● **THE TASK**: Include no pictures. Output exactly the lines from the one that contains "Thank you all" through the final line of the entries.

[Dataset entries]

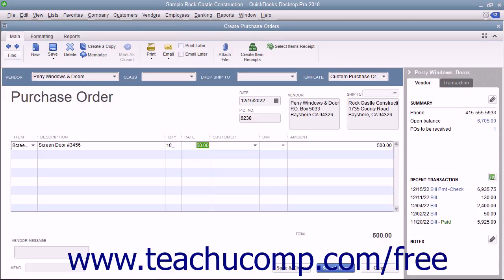To enter a message to the vendor, type the message into the Vendor Message field. You can enter a memo into the Memo field if needed. After you have completed the purchase order, you can click the Save & Close button to save the purchase order and close the window, or click the Save & New button to save the purchase order and open another new Purchase Order form.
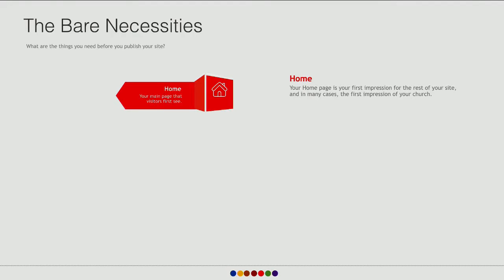The first necessity is a home page. Your home page is your first impression of the rest of your site. It doesn't have to have a whole bunch of information on it — in fact that could backfire — but make sure it's nice and well presented. In many cases, the first impression someone has of your home page is the first impression they have of your church. That can make a difference in how well they feel you're maintaining it, and it might tell somebody a bit about the health of your church.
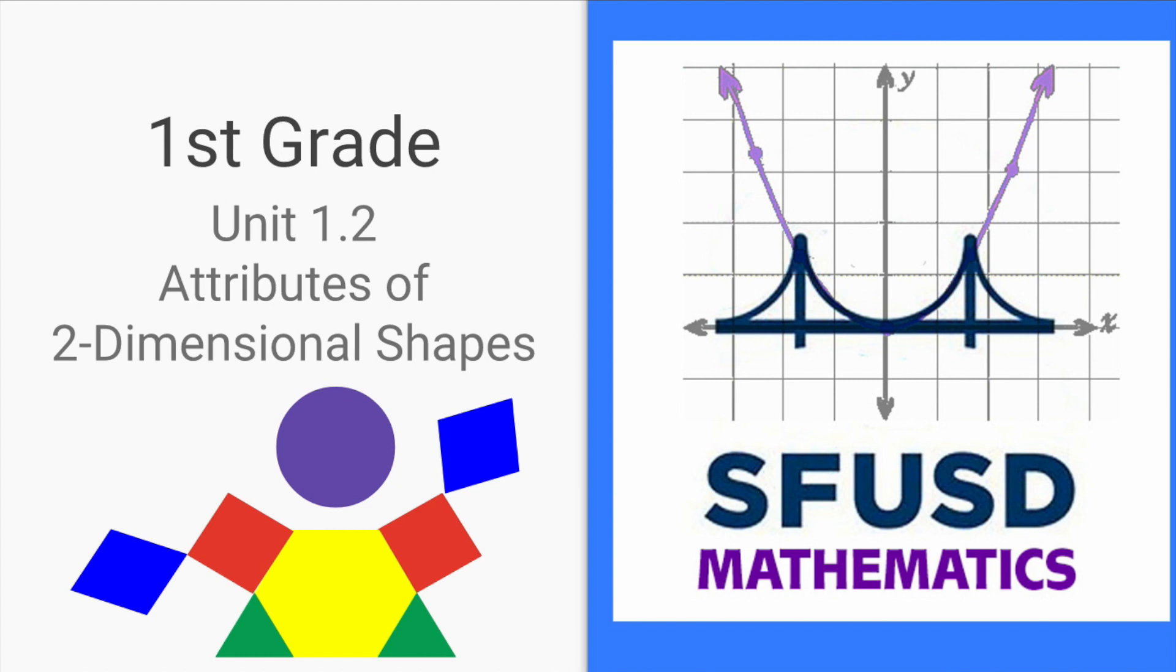I'm excited to talk to you about unit 1.2, attributes of two-dimensional shapes. You and your students will likely start this unit in mid-September and continue up to the beginning of October.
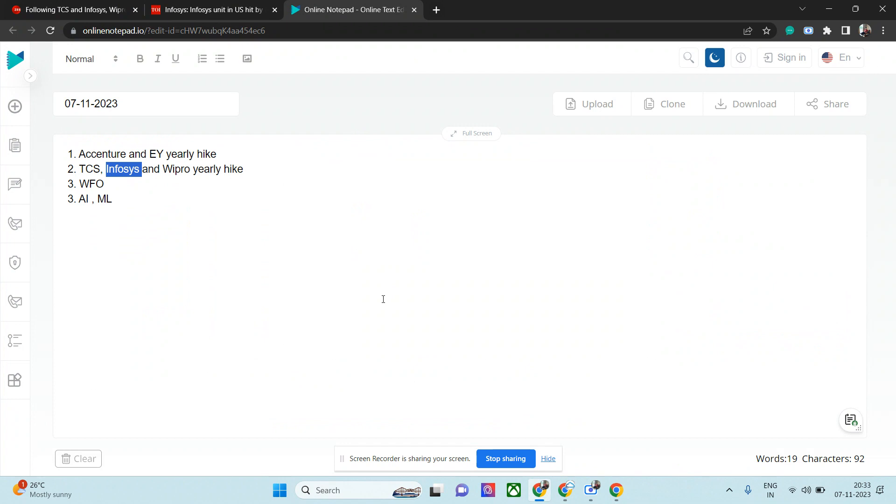I believe it will be like soon, in the coming next year, it will be for all employees. They will initially ask for two days, then three days, and five days. That may happen from next year. So work from home will not be possible.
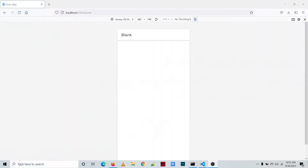Let's start. We have here the Ionic blank project. There are two ways to add an image to our Ionic project: one is adding an online or external picture, and the other is embedding the image into your assets folder.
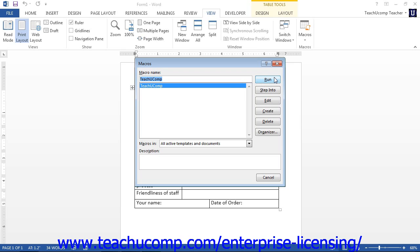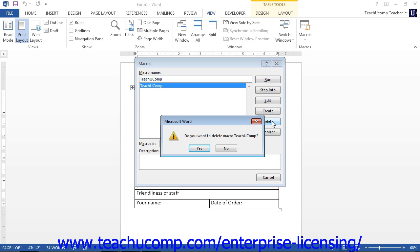You can also delete macros that you no longer want or need to use using this dialog box. To delete a macro, select the name of the macro from the list and then click the Delete button. Click the Yes button in the confirmation message box that appears in order to delete it.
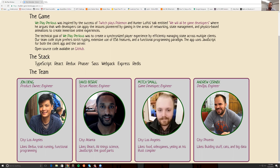Thank you all for listening. We really, really enjoyed building We Play Parallels, and look forward to everyone trying it out. Questions for the crushers.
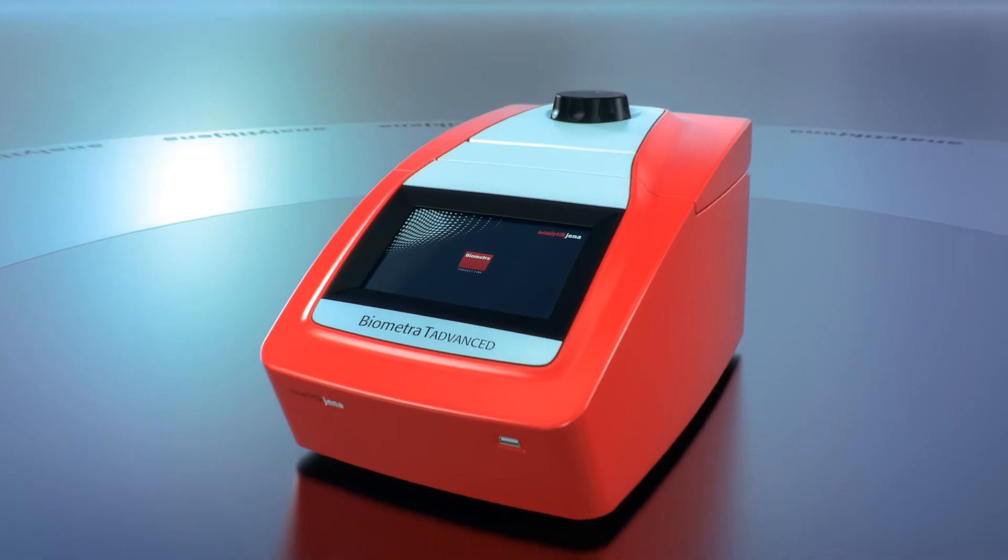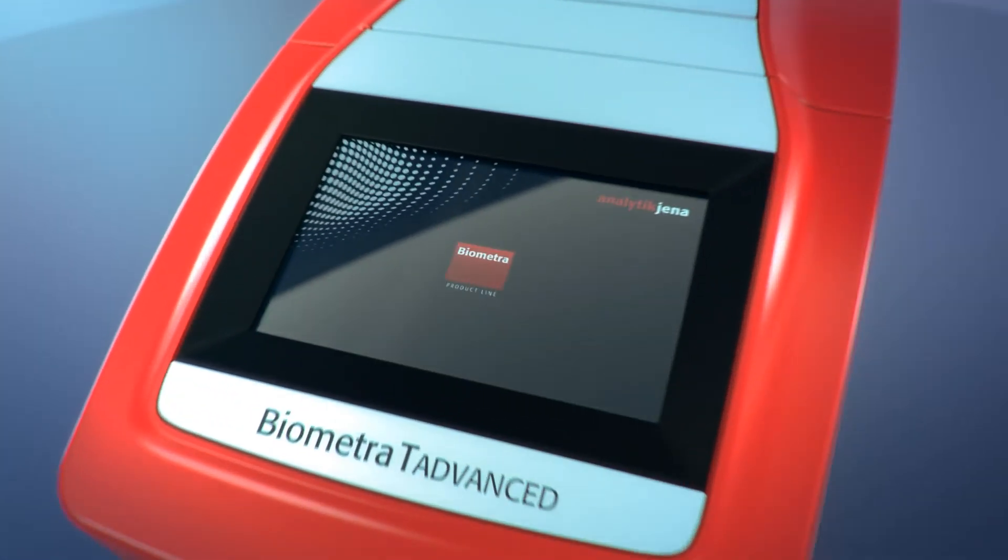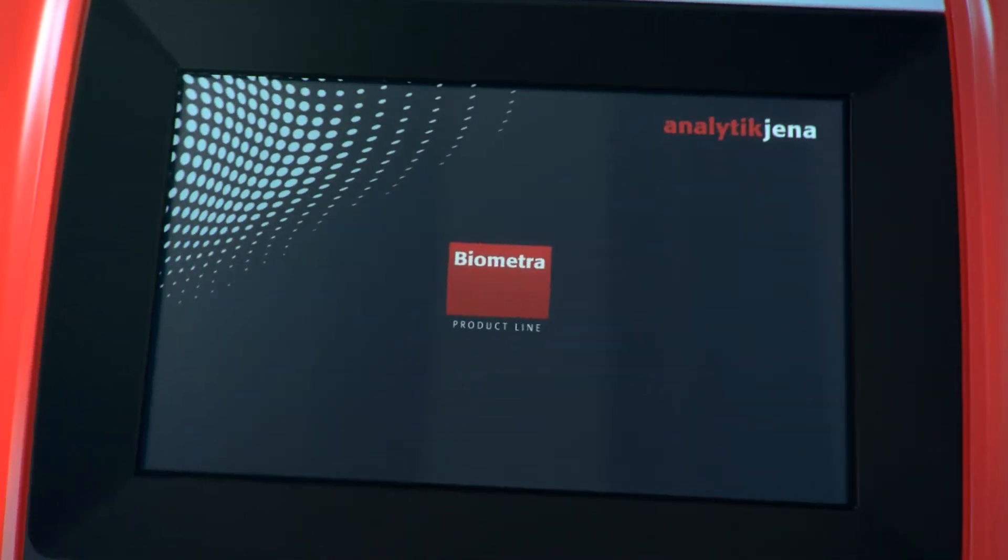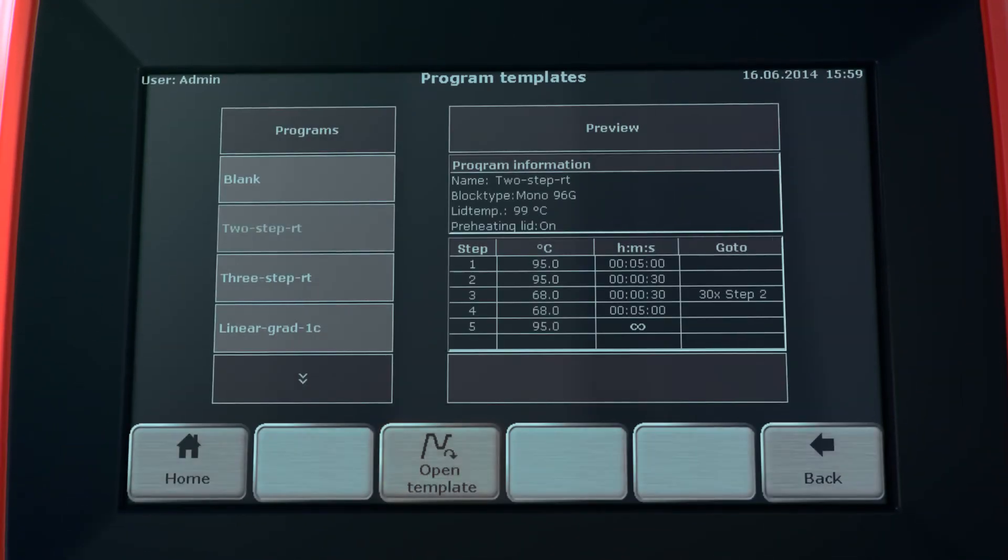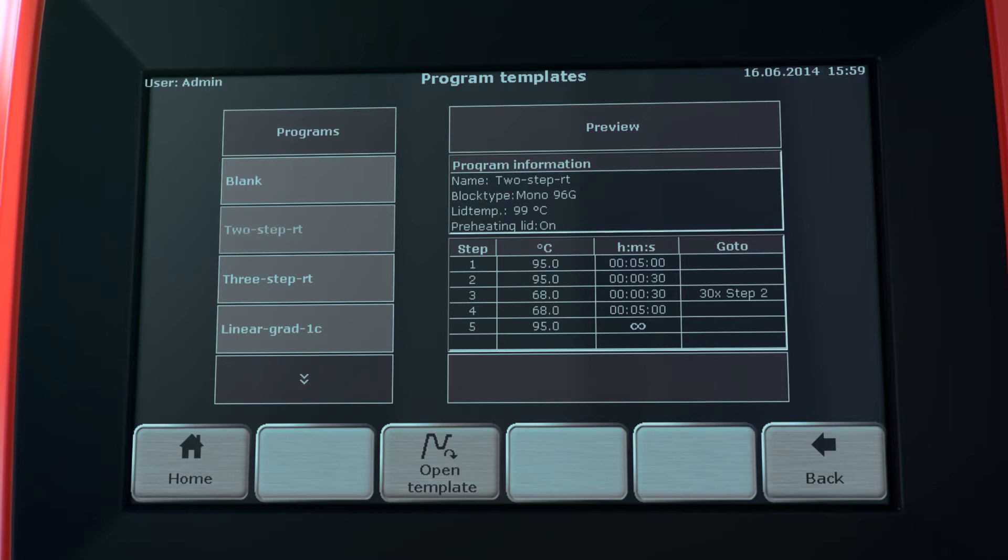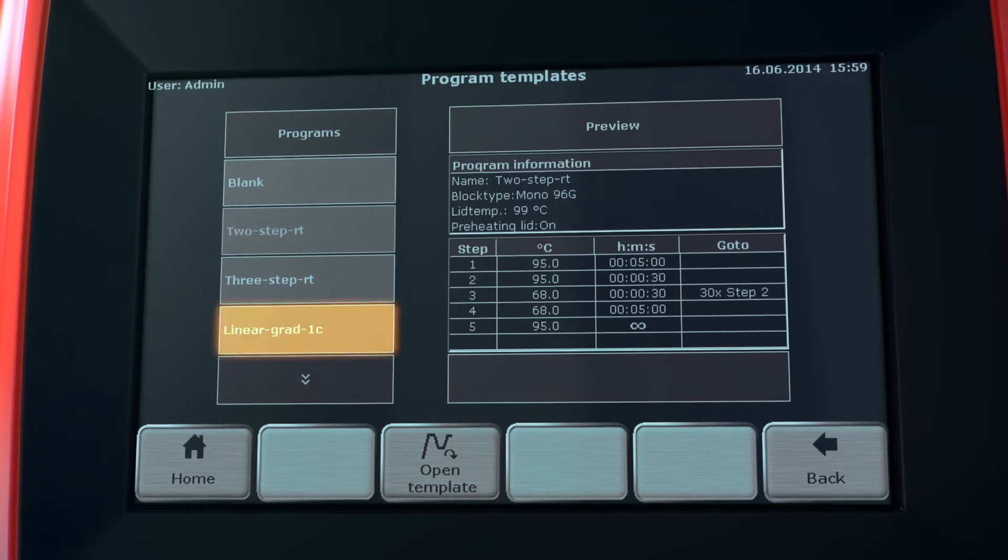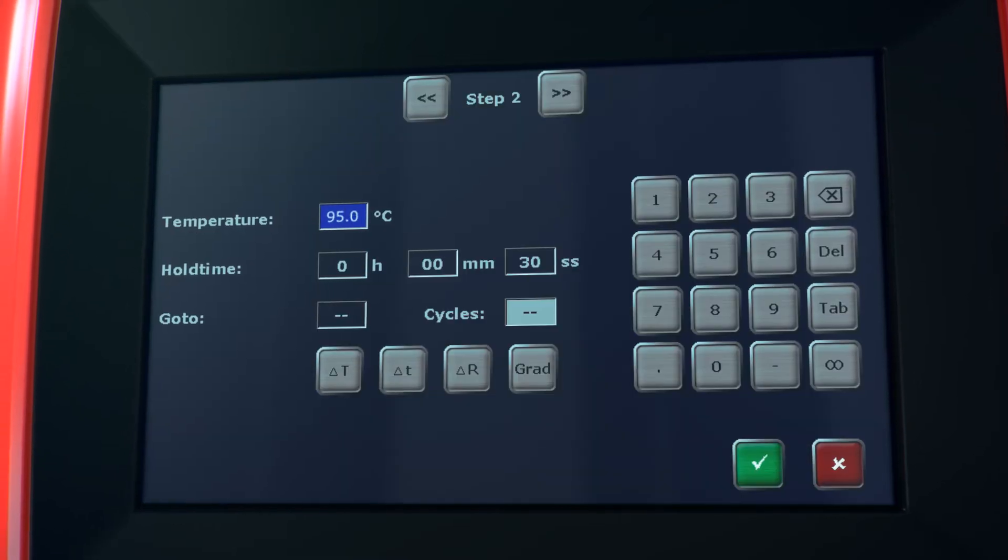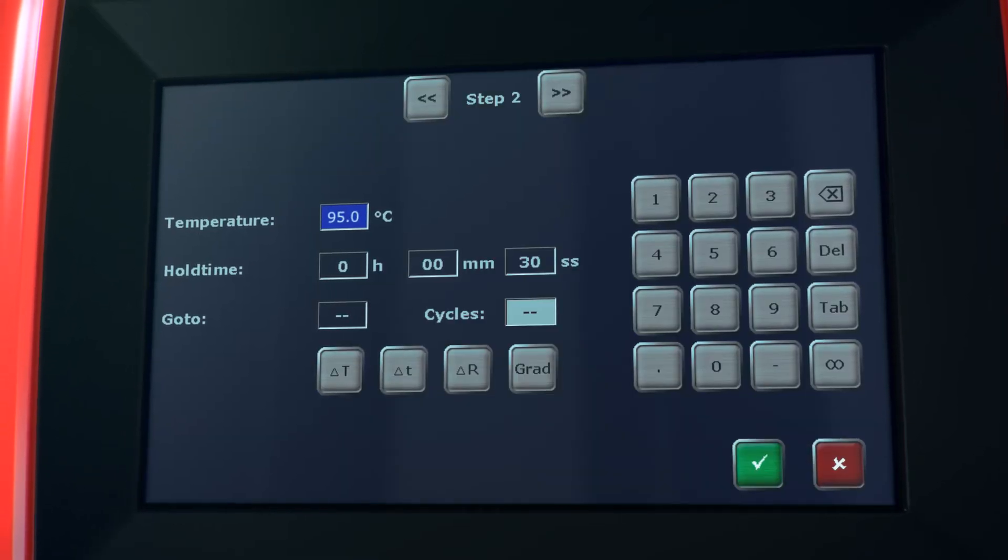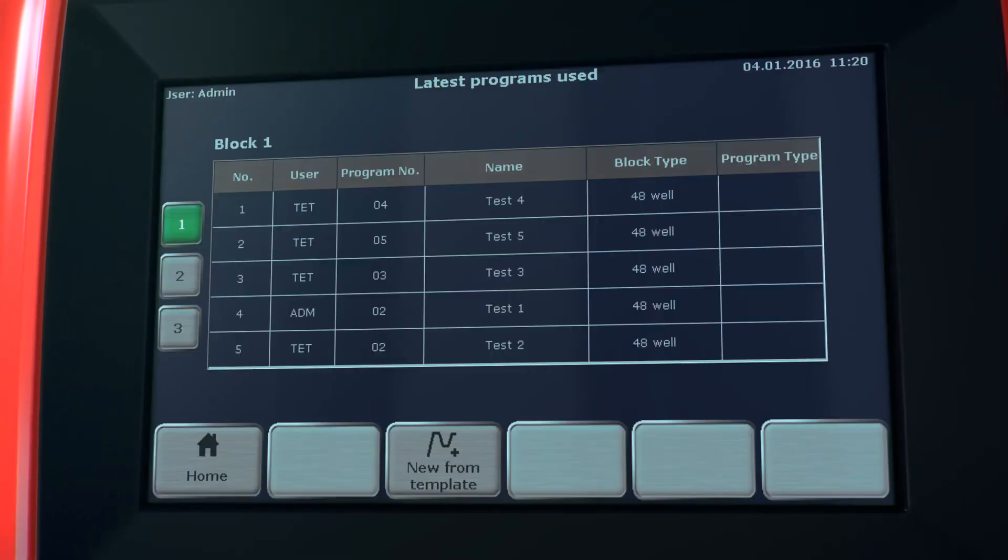Program templates can be used to create specific PCR programs. By integrated multi-step programming and linear gradient programming, the editing of program templates is very easy.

● **EXPECTED ANSWER**:
Thank you all for listening. We really, really enjoyed building We Play Parallels, and look forward to everyone trying it out. Questions for the crushers.
Program templates can be used to create specific PCR programs. By integrated multi-step programming and linear gradient programming, the editing of program templates is very easy.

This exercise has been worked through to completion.